Stave II est au fond un formidable album de vie. On y croise des enfants à rassurer (Réveille-Moi) et des aïeux nostalgiques (le papy Peio de Stave de retour dans le magnifique Vivre Mieux qui s’engage sur un ton très Motown et se termine dans une orgie free absolument délicieuse), une pop star bienveillante (S’il te plait apaise-toi suggère Etienne Daho à Pierre qui évoque colères et frustrations accumulées ces dernières années) et une magnifique voix locale en devenir, celle de Laura Etchegoyhen qui porte les chœurs de la superbe ballade très « variété française » Tu Ne Vois Rien après avoir œuvré aux côtés de Frànçois Atlas, Gaspard Augé ou Cabane. On est solidaire du Petit Fantôme revendiquant son indépendance et son rejet des diktats, prétendant haut et fort ne pas faire partie de ce monde-là mais qu’un cynique « si ! » vocodé remet à sa place, puis à la fois ému et agacé de ce Temps Qui Passe mais qui surtout part en sucette, glissant dans un joyeux bordel auto-tuné de la soie jazzy aux évocations psychédéliques hallucinées. Et comme dans la vie, parfois vaut-il mieux se taire, la chevauchée au long cours Elle Succombe conclut Stave II dans un formidable élan d’une véritable poétique instrumentale, condensant aspirations et inspirations qui l’ont conduit jusque-là.

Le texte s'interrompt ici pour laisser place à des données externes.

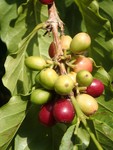 PB190949; Hawaii, Big Island, Kona Jack; Profile: Rowald;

S’il n’est pas vraiment question de surprise sur le plan musical, tant Petit Fantôme se montre constant et pertinent depuis Yallah en 2011, Stave II, en arrivant quasiment à l’improviste, sans vraiment prévenir, parvient à jouer sur la spontanéité de sa sortie pour susciter un enthousiasme qui mériterait sans doute de déborder un peu plus. Mais Pierre Loustaunau le veut-il seulement ? Pas sûr… caché au fin fond de son sud-ouest natal, comme son Shorebreaker Studio se cache sous les pins dans un anonyme lotissement de bord de mer, il entend vivre sa vie de musicien, de producteur, de père sans (trop) avoir à rendre de comptes et sans pression. Un état d’esprit qui est en soi une source d’inspiration qui l’amène à proposer un Stave II particulièrement réussi, traversé d’un vent de liberté créatrice et artistique mais qui s’accorde avec un cadre pop de chansons exigeantes et impeccables, réalisées avec le goût du travail bien fait. Jouer tout en travaillant, travailler sans trop se prendre au sérieux. La vie que s’est choisi Petit Fantôme a de quoi faire des envieux.